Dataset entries
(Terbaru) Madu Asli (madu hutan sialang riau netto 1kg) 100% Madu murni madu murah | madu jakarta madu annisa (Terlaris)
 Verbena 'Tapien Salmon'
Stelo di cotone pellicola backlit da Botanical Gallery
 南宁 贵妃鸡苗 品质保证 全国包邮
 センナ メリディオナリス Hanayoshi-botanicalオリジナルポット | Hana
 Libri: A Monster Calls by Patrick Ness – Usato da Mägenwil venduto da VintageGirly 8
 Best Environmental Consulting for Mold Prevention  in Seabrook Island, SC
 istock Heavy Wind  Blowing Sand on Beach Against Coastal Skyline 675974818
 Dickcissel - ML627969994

-- Problem requirements --
For this exercise, please copy exactly the lines from the one holding "Best Environmental Consulting" through the end of the records, the first and last included.

-- Result for this task --
 Best Environmental Consulting for Mold Prevention  in Seabrook Island, SC
 istock Heavy Wind  Blowing Sand on Beach Against Coastal Skyline 675974818
 Dickcissel - ML627969994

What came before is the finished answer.